▸ Task objective: Would you give the listing back word for word once its pictures are removed?

▸ Collected material:

★ ★ ★ ★ ★ ★ ★

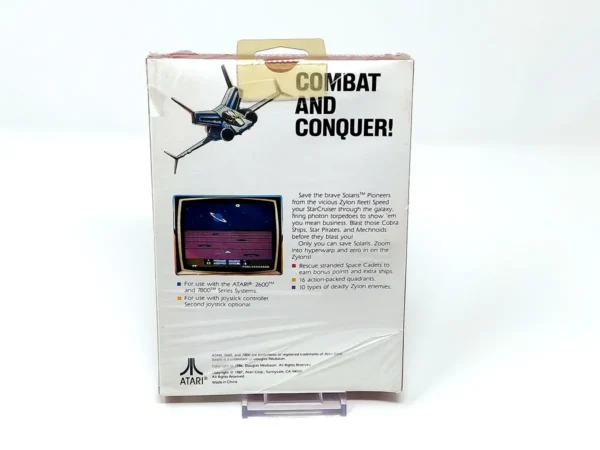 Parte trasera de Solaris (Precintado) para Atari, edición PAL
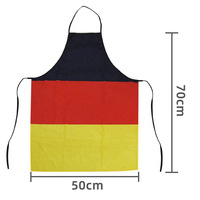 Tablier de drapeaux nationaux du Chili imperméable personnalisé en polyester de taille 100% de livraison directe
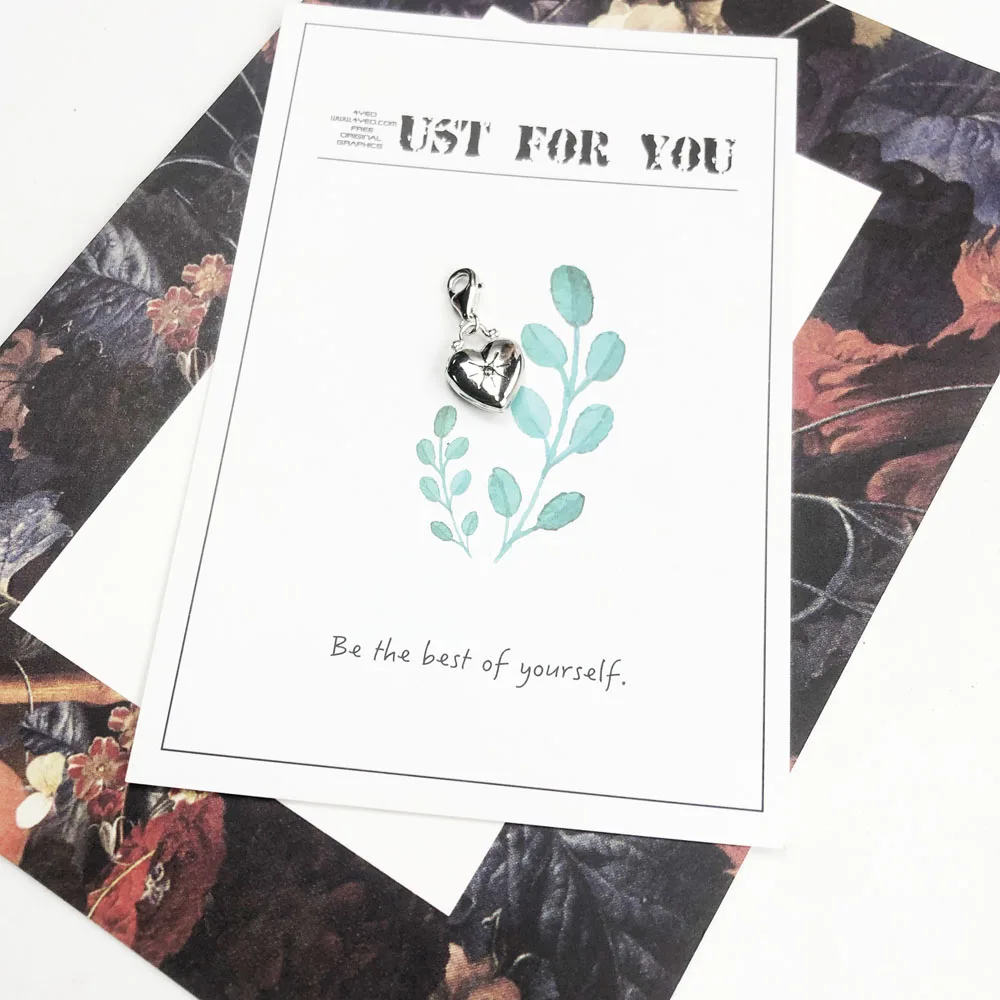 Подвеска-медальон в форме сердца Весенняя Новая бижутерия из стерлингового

★ ★ ★ ★ ★ ★ ★

▸ Written answer:
 Parte trasera de Solaris (Precintado) para Atari, edición PAL
 Tablier de drapeaux nationaux du Chili imperméable personnalisé en polyester de taille 100% de livraison directe
 Подвеска-медальон в форме сердца Весенняя Новая бижутерия из стерлингового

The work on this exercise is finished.